Quantitative carbamylation as a stable isotopic labeling method for comparative proteomics

Abstract

A method was developed that uses urea to both solublize and isotopically label biological samples for comparative proteomics. This approach uses either light or heavy urea ((12)CH(4)(14)N(2)O or (13)CH(4)(15)N(2)O, respectively) at a concentration of 8 M and a pH of 7 to dissolve the samples prior to digestion. After the sample is digested using standard proteomic protocols and dried, isotopic labeling is completed by resuspending the sample in a solution of 8 M urea at a pH of 8.5, using the same isotopic species of urea as used for digestion and incubating for 4 h at 80 degrees C. Under these conditions, carbamylation occurs only on the primary amines of the peptides. The effects of complete carbamylation on matrix-assisted laser desorption/ionization time-of-flight mass spectrometry (MALDI-TOFMS) and electrospray ionization tandem mass spectrometry (ESI-MS/MS) (collision-induced dissociation (CID)) were examined. Peptides that had a C-terminal carbamylated lysine residue were found to have a reduced intensity when viewed by MALDI-TOFMS. CID of a tryptic peptide that was carbamylated on both the N-terminus and the C-terminus was found to have a more uniform distribution of b- and y-ions, as well as prominent ions from loss of water.
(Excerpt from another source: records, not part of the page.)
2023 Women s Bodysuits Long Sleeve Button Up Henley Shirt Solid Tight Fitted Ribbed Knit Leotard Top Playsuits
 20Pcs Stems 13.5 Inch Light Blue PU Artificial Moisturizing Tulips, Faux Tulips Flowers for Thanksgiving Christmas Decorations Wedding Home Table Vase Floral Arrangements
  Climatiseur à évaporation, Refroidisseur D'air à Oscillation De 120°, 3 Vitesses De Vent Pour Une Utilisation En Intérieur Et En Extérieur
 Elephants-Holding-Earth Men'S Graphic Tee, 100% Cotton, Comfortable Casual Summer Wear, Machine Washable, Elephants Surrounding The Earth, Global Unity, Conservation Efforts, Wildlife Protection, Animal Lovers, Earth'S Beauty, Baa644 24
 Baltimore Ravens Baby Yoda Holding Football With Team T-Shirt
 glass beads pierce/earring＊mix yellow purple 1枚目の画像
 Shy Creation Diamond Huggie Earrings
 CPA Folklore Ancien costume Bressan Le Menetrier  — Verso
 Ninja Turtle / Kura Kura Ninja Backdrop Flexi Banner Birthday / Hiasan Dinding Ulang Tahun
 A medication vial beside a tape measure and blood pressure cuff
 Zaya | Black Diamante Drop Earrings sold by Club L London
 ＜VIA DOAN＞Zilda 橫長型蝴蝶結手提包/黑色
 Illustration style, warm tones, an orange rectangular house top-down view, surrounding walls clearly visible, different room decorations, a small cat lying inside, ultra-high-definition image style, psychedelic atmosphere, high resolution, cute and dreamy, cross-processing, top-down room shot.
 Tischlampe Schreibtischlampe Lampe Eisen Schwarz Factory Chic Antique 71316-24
Reversed-phase chromatography coupled to ESI-MS/MS was used to identify and quantify the isotopically labeled standard proteins, bovine serum albumin (BSA), bovine transferrin, and bovine alpha-casein. Quantitative error between theoretical and observed data ranged from 1.7-10.0%. Relative standard deviations for protein quantitation ranged from 5.2-27.8% over a dynamic range from 0.1-10 (L/H). The development of a method utilizing urea-assisted carbamylation of lysines and N-termini to globally labeled samples for comparative proteomics may prove useful for samples that require a strong chaotrope prior to proteolysis.